Discussion about the title of a film is not something that generally finds its way into a film review, and with good reason. The title of a film is usually somewhat extraneous to the actual experience of watching the feature and its importance lies outside of the film itself. Much like the marketing that surrounds any production, the title is part of what gets many people into the cinema and sat in front of the screen. The title Simon Killer is a different beast though, and it may be the most distracting title of a film that I have seen in some time. Settling down in front of this film it is impossible to shake the implications that the name suggests and this can ultimately lead to a sense of frustration and anxiety, and whether this is a negative or positive aspect is, however, certainly debatable.
As the titular character of Simon, played with cool detachment by Brady Corbet, meanders around Paris he interacts with a variety of people in an awkward and often angry manner. With each interaction one sees the potential for violence – a feeling egged on somewhat by the foreboding title. What is rather effective about Simon Killer, and is perhaps its greatest strength, is the way in which we are fed constant anti-climaxes. The multiple connecting vignettes that make up this structured but loose narrative each carry with them this approach, but some end with a sense of conclusion or continuation while others are simply cut off. It’s a bold and interesting approach to telling the story but it is also one that does not entriely work. Whilst the sense of frustration and disconnect feeds directly into this character study of the disturbed Simon, it also leads to genuine frustration and disconnect that leaves one feeling unsatisfied by the story on screen.
Director Antonio Campos, director of Afterschool and producer of the similarly arch Martha Marcy May Marlene, does manage to hold ones attention though with his measured but stylistic approach to the look and sound of the film. By filling the film with a number of question raising moments and anti-climaxes there is also enough to keep this title moving forwards, towards an ending that is, perhaps unsurprisingly, both one of escalation and borderline nihilistic destruction.
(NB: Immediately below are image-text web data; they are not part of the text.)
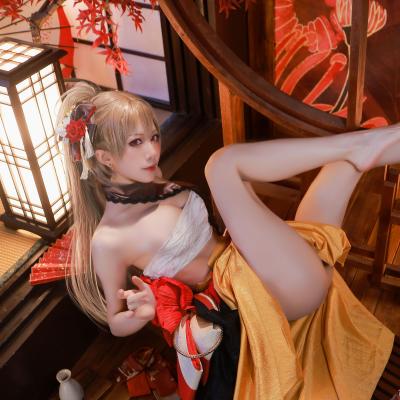 水淼aqua Jean Bart 11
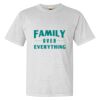 Heavyweight Ring Spun Tee Thumbnail
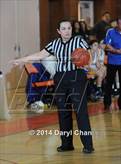 Photo from the gallery "Holy Martyrs Armenian vs. Flintridge Sacred Heart (Poly Tournament)"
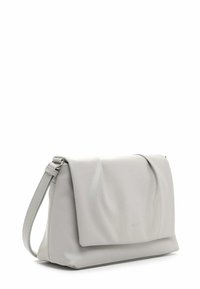 Emily & Noah VALENCE RUE - Ülerinna-kott - lightgrey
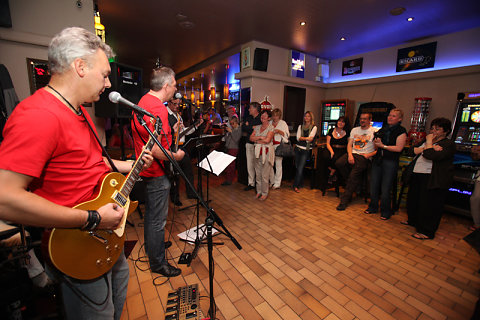 Jazz 2011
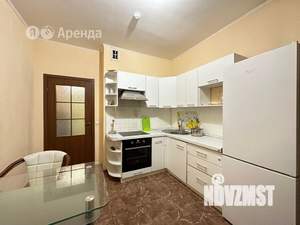 1-к квартира, на длительный срок, 36м2, 14/17 этаж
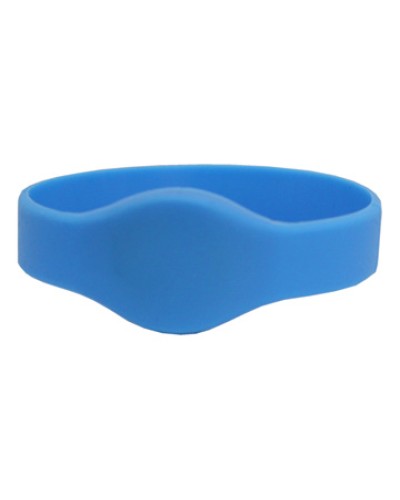 Браслет с MIFARE идентификатором синий Smartec ST-PT055MF-BL в Северске Оптовые идентификаторы Pintop.ru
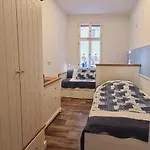 Apartment Nemo Quedlinburg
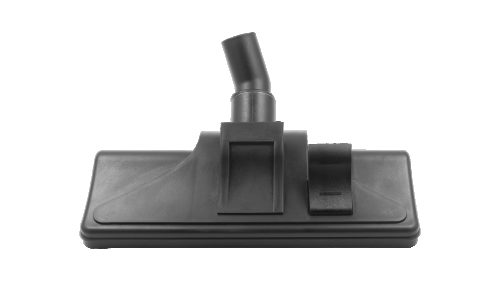 Щітка килимова для пилососу d=32 мм, Zelmer 449.0000, Bosch 00795420, закриті колеса - 2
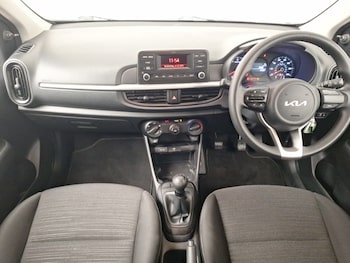 Used Kia Picanto 2022 for sale - 76135007: Photo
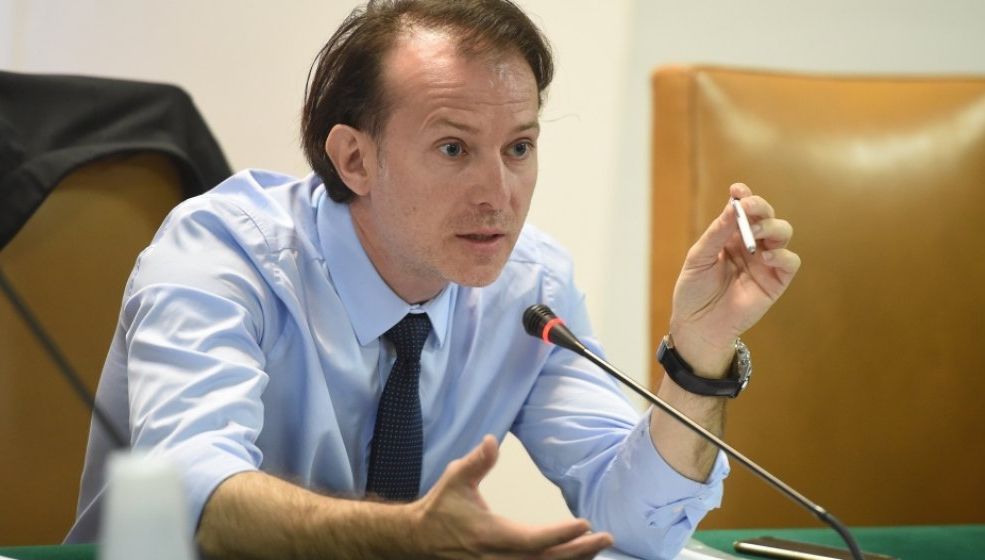 Florin Cîțu, scenariu halucinant despre Ordonanța 114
Much like Camus’ L’Etranger – both the character of Simon and the storytelling of Simon Killer seem to recall this (in)famous text – Simon Killer’s detached protagonist is incredibly difficult to engage with but unlike the dense character study of L’Etranger – a story which offers a fascinating insight into a deeper philosophical idea – Simon Killer merely skims along the surface of a great deal of interesting ideas. The themes of anti-romanticism that Campos dips his toe into seems more like a cute idea with the Paris setting, for instance, providing a neat little gag rather than a platform on which to explore something deeper. At its worst Simon Killer is as juvenile as the behaviour of its central character, but thankfully its weaker moments are reasonably scarce and for the most part the film is an interesting, if a little surface level, character study that is difficult to shake off as it reaches its inevitable, anti-climatic finale.